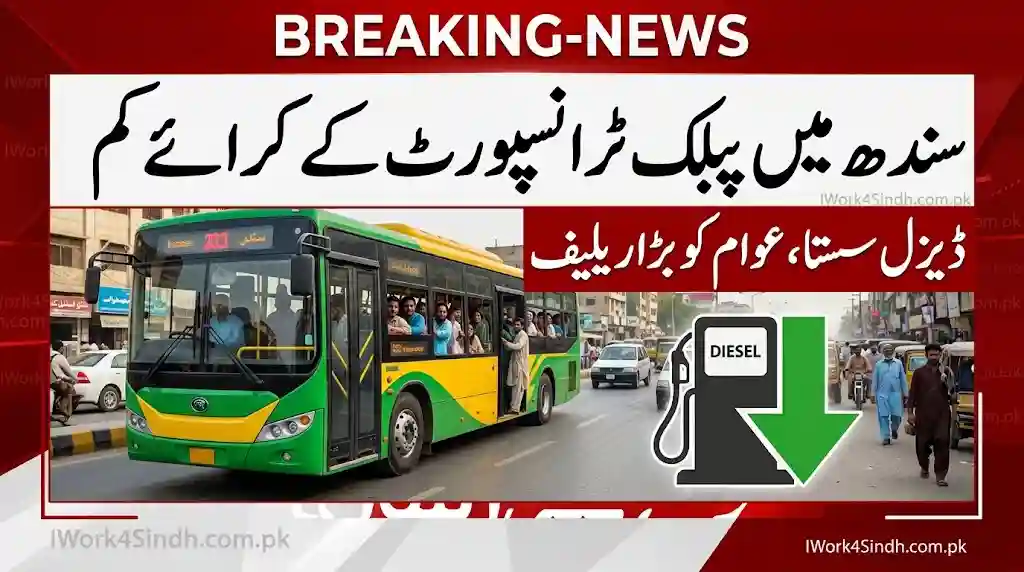 Sindh Public Transport Fares Reduced After Diesel Price Drop 2026 – Latest Update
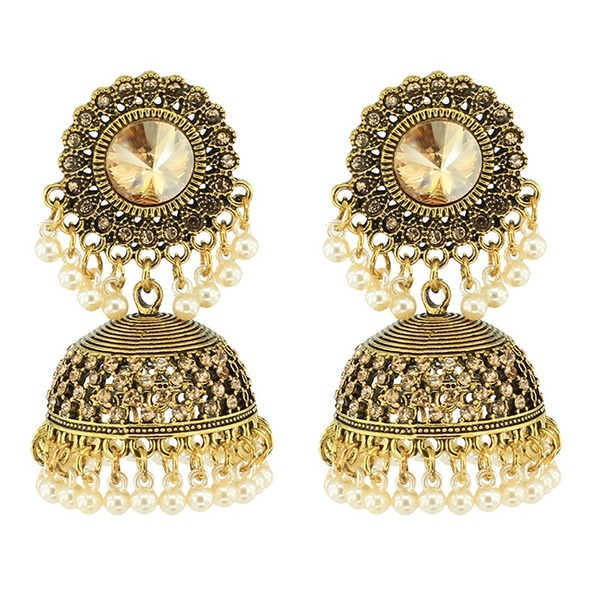 Bulk Jewelry Wholesale ethnic wind alloy Indian style earrings JDC-ES-R1 Wholesale factory from China YIWU China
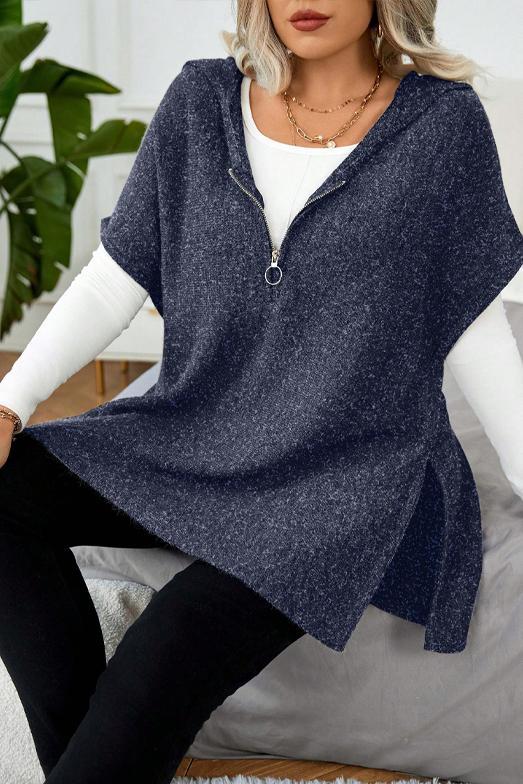 Women's Casual Solid Color V-neck Sweater Vest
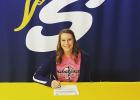 Alaina Monson, senior outside hitter from Grygla High School, has signed a national letter of intent.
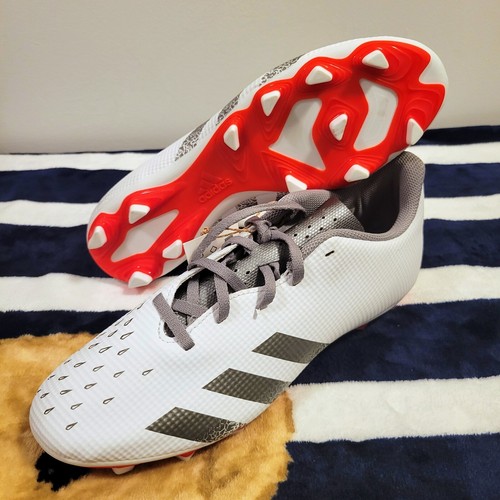 シューズ Adias predator adidas Predator Edge.4 TF - White/Solar Yellow/Power Blue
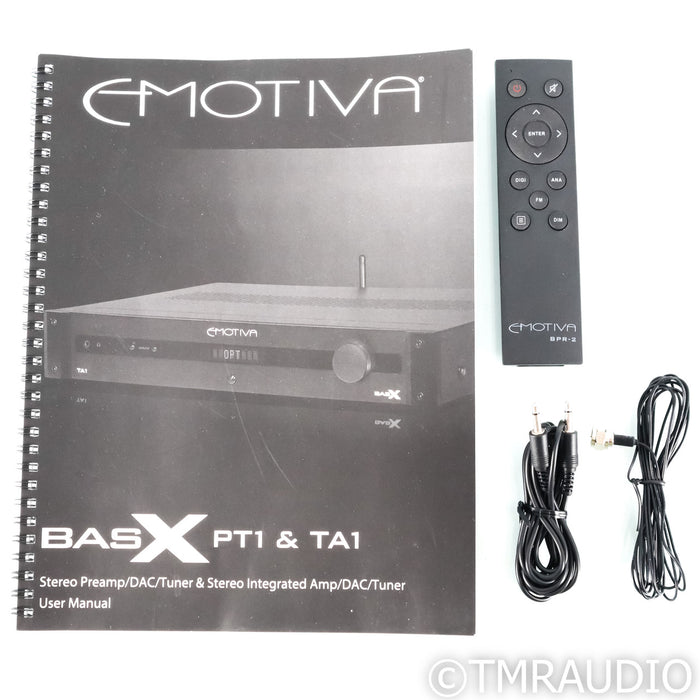 Emotiva BasX PT1 Stereo Preamplifier; MM & MC Phono
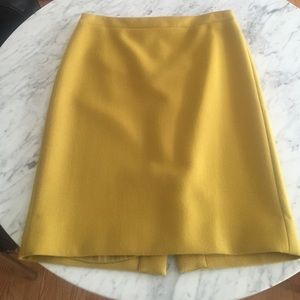 J Crew No 2 Pencil skirt in Double Serge Wool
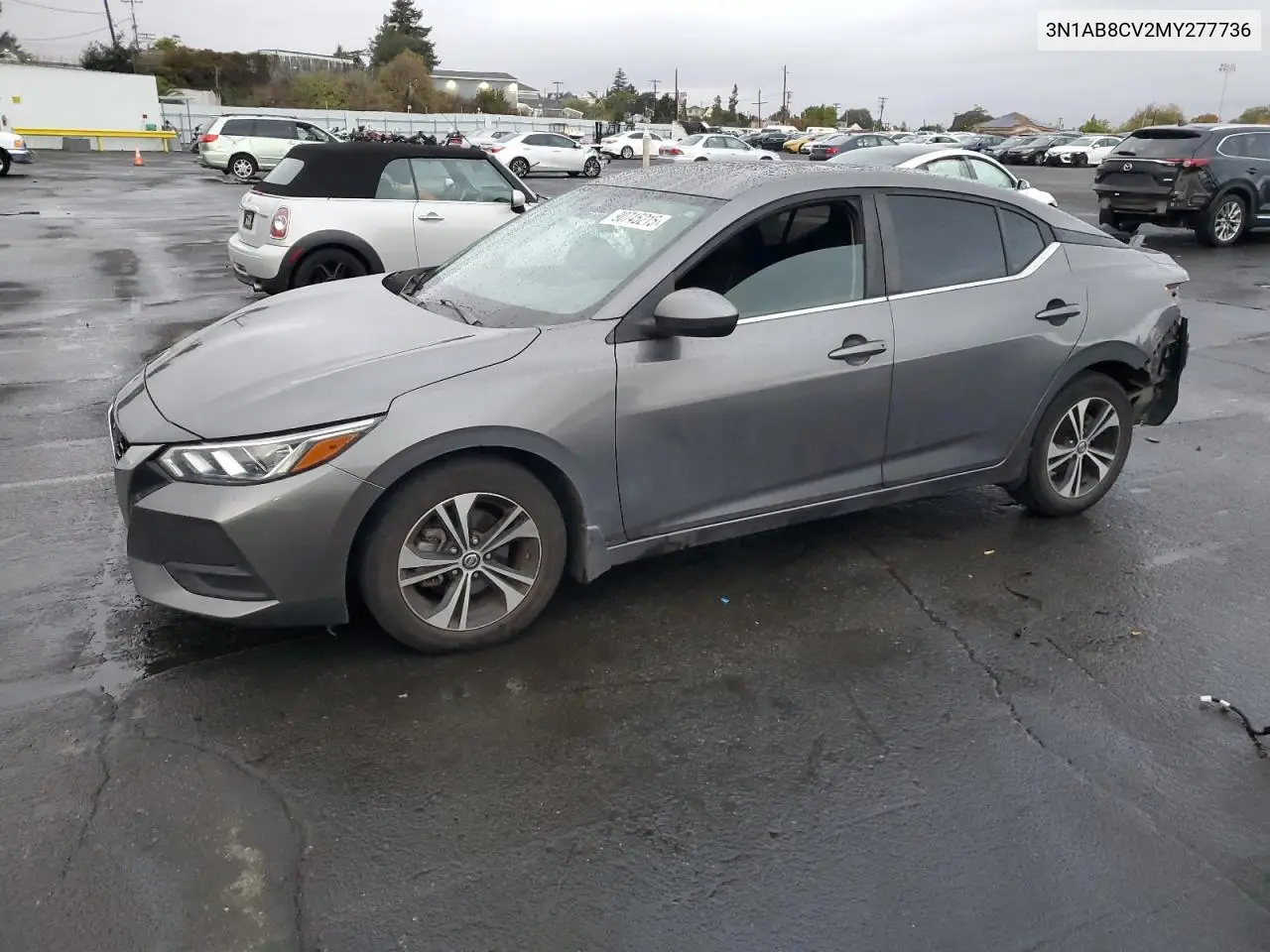 3N1AB8CV2MY277736 2021 Nissan Sentra Sv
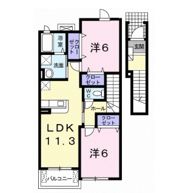 Libra house Ⅲの間取り画像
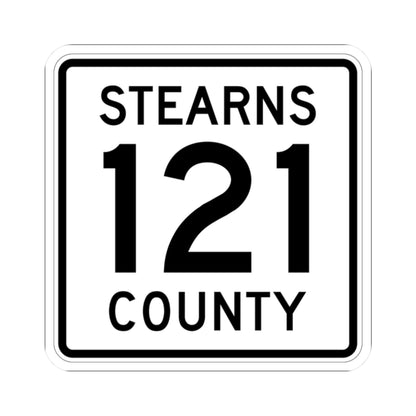 Stearns County Route 121 (Minnesota) (Road Sign) STICKER Vinyl Kiss-Cut Decal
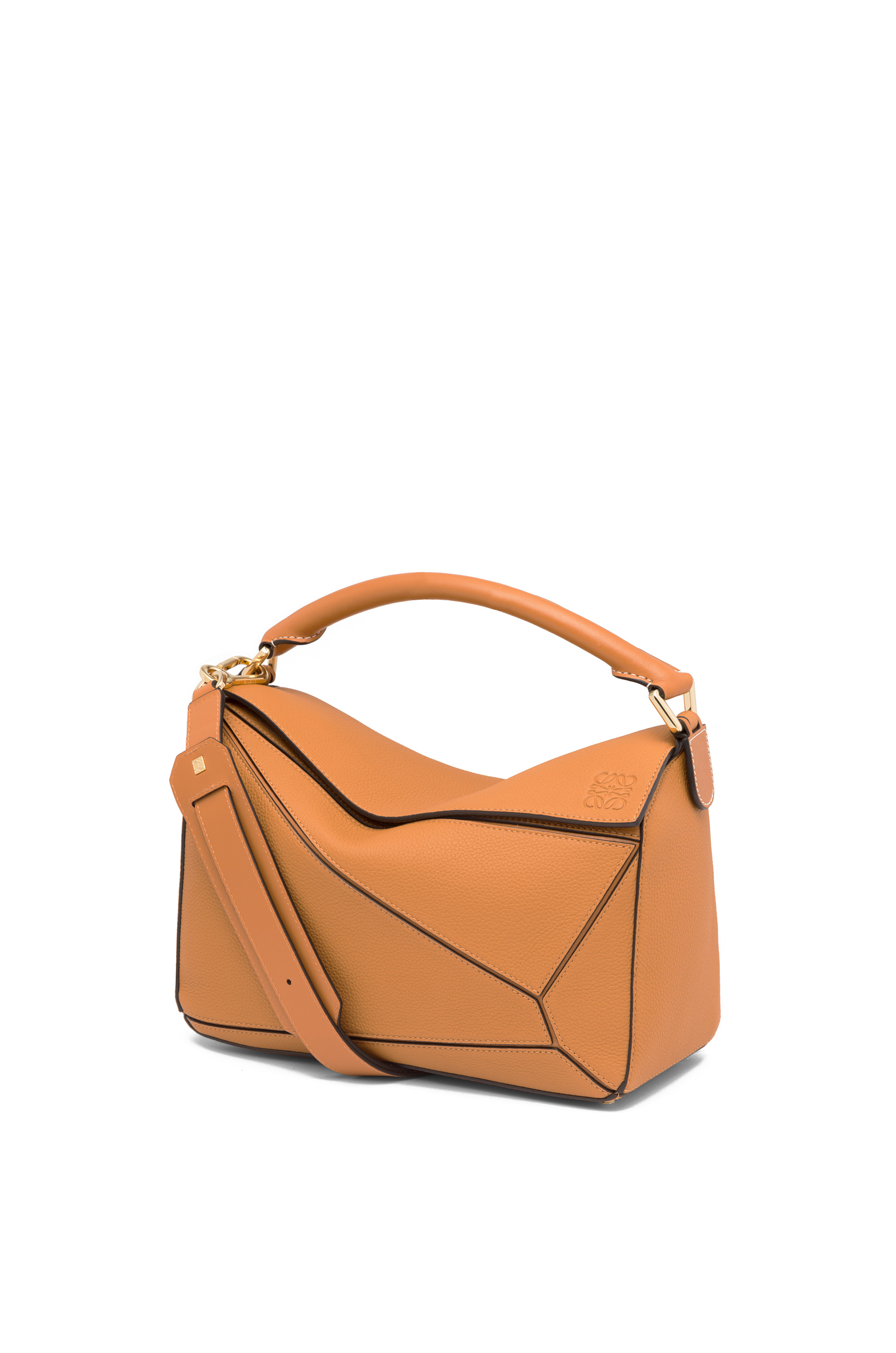 Puzzle bag in soft grained calfskin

- [Exercise goal]
Please reproduce each entry above word for word and keep the pictures out of the copy.

- [Exercise result]
 Sindh Public Transport Fares Reduced After Diesel Price Drop 2026 – Latest Update
 Bulk Jewelry Wholesale ethnic wind alloy Indian style earrings JDC-ES-R1 Wholesale factory from China YIWU China
 Women's Casual Solid Color V-neck Sweater Vest
 Alaina Monson, senior outside hitter from Grygla High School, has signed a national letter of intent.
 シューズ Adias predator adidas Predator Edge.4 TF - White/Solar Yellow/Power Blue
 Emotiva BasX PT1 Stereo Preamplifier; MM & MC Phono
 J Crew No 2 Pencil skirt in Double Serge Wool
 3N1AB8CV2MY277736 2021 Nissan Sentra Sv
 Libra house Ⅲの間取り画像
 Stearns County Route 121 (Minnesota) (Road Sign) STICKER Vinyl Kiss-Cut Decal
 Puzzle bag in soft grained calfskin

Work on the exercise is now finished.